On Easter morning, they showed up to the church. As they walked from the end of the Theme-park-sized parking lot, Henry remarked at how impressive the church was from the outside, and how it reminded him of the ski lodge he had visited once. They were greeted at the door with a smile and a handshake and ushered into a grand foyer with a tall stone fireplace. On the left was a coffee shop with recliners, and to the right was a bookstore and lounge. In front of them was the entrance to the auditorium with large screens above the doorways that were counting down the minutes and seconds to the start of the service, “8:06…8:05…8:04…” Henry stood back and admired the display of wealth and technology. He did not feel like he was in church. ‘More like Starbucks or Barnes and Nobles’, he thought. His girlfriend nudged him, “We have 8 minutes or so, let’s get a coffee before we go in, ok?” With their coffee in hand, they entered the auditorium, and this is where the real show began. What a spectacle it was!

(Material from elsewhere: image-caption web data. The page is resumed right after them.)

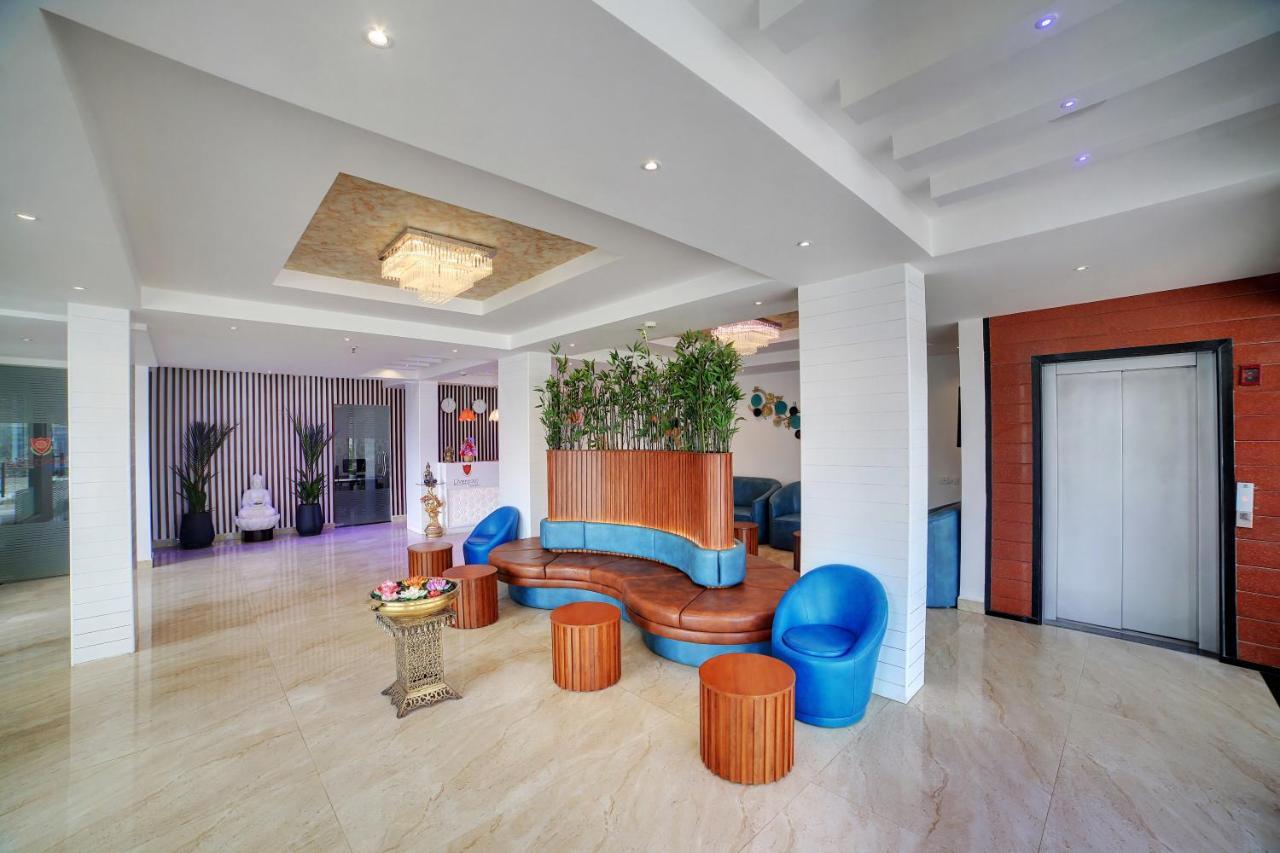 The Liverpool Blue Hotels Bangalore Exterior foto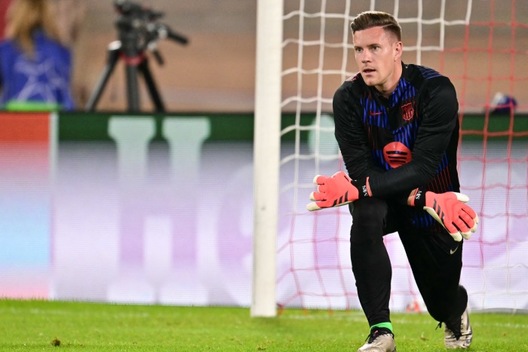 Ter Stegen es baja por el resto de la temporada (AFP)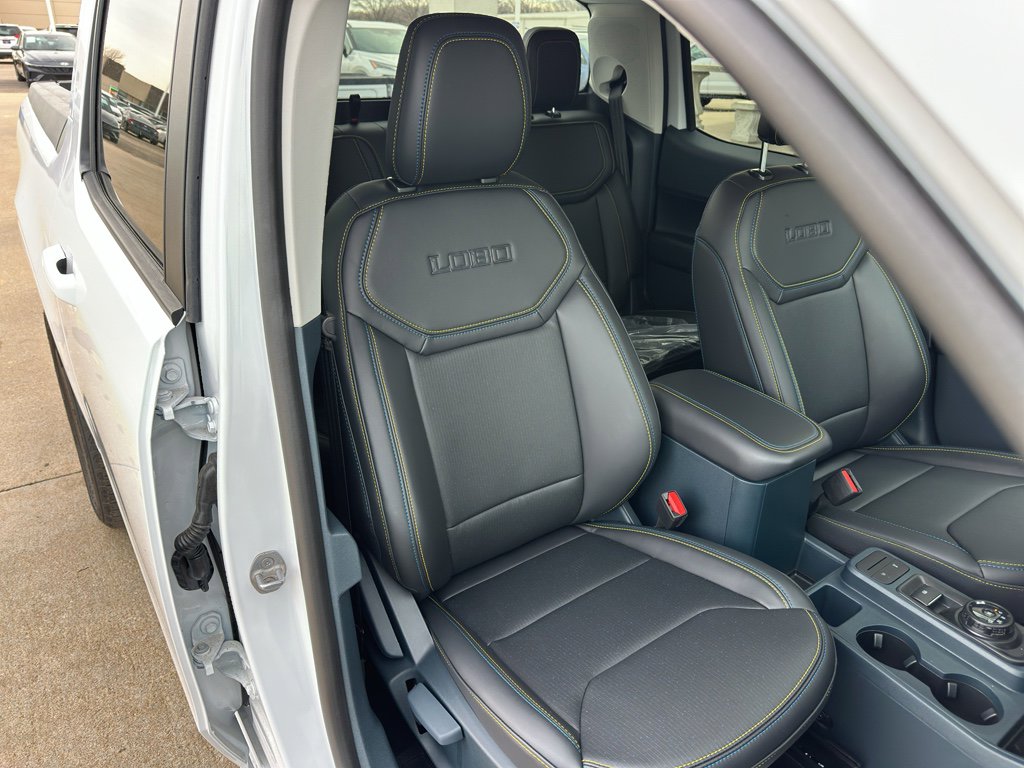 New 2025 Ford Maverick Lobo image 28
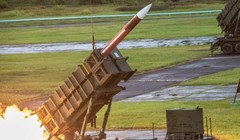 Cảnh phóng tên lửa đất đối không từ hệ thống Patriot. Ảnh: MW.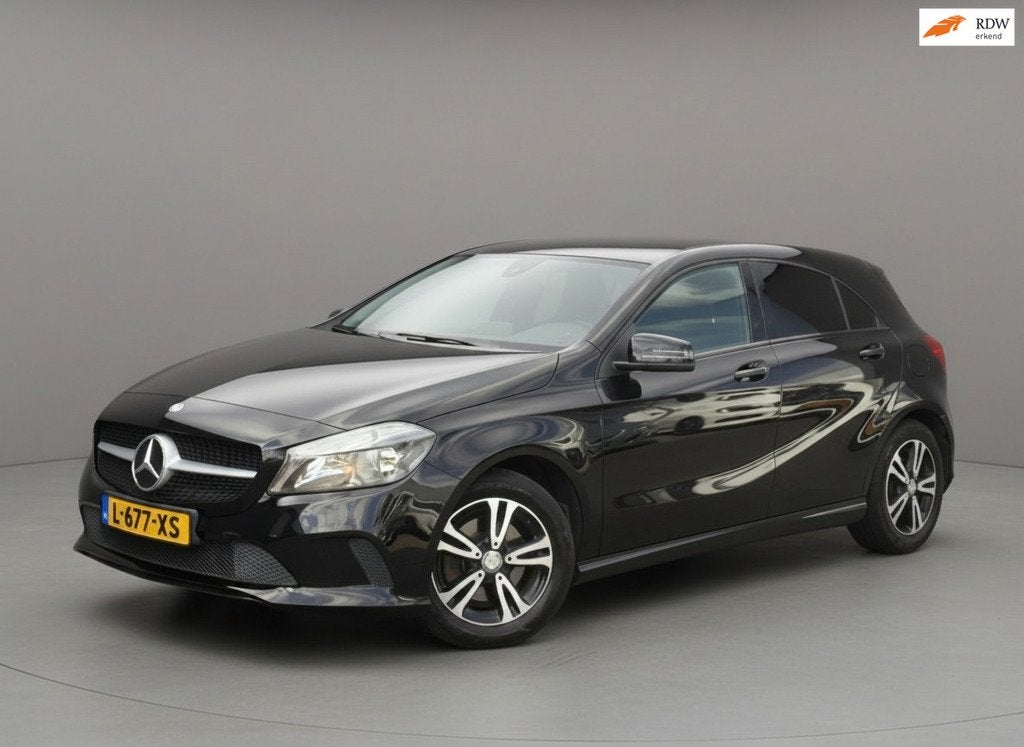 Mercedes-Benz A-klasse 160*Keyless*Navigatie*, Auto's, Voorwielaandrijving, Stof, Gebruikt, 4 cilinders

At the end of the countdown, the lights went low, and the two giant screens on either side of the stage came to life with the week’s announcements. It was a highly amusing welcome, professionally-produced, with state-of-the-art video. Henry was impressed. He was a computer graphics guy himself, and he knew just how much time and effort went into such detailed work. During the video, the young and beautiful musicians took their place on stage, all of them casually dressed. There was a low sustained synth pad coming through the speakers, and Henry noticed a dense stage smoke wafting around the musician’s feet and falling gently over the lip of the stage. And then, right on cue, they struck the first chord. The lights on stage went up, along with most people’s hands, and the music team began to play the first song. Henry and his girlfriend gazed with wonder at the screens which were flashing the lyrics over video background images from what Henry thought was Norway. The high decibel sounds of the lead guitar came from all around them. It didn’t bother Henry that he couldn’t really follow along with the notes being sung, because the concert was so entertaining. And it wasn’t just the music that captivated him. It was the whole cool and comfortable vibe. And then came the message from the pastor that was so affirming and funny. There was no confession, and Henry never cried. There was no communion, and the only Scripture that was read was a quote included in the sermon. As the service ended, Henry whispered to his girlfriend, “I really liked that.” He did NOT say anything to God. He had been sung to, talked at, and entertained for an hour, but he had not prayed nor worshiped.
And when they left the church and started home, Henry was unsettled. There was a deep longing and profound restlessness in his heart, as if the sound system had rattled something in his chest. His girlfriend noticed, and asked him “What’s wrong, Henry?” He did not know how to answer. But he felt dissatisfied, and somehow empty. And frustrated. He would soon lose himself in his work at Google, but deep down he knew that this search had not provided the missing link he was looking for.
How we worship matters, and it often affects what we worship. May our minds be focused on the work of God and not the work of man. May our hearts be filled, not just thrilled. May our services illuminate the cross and not imitate the culture. It is my prayer that you and all those who come to worship at Covenant Presbyterian Church may encounter Christ, the way, the truth, and the life. May all those who witness our public worship find that we are not so much concerned with a beautiful service as with a beautiful Savior.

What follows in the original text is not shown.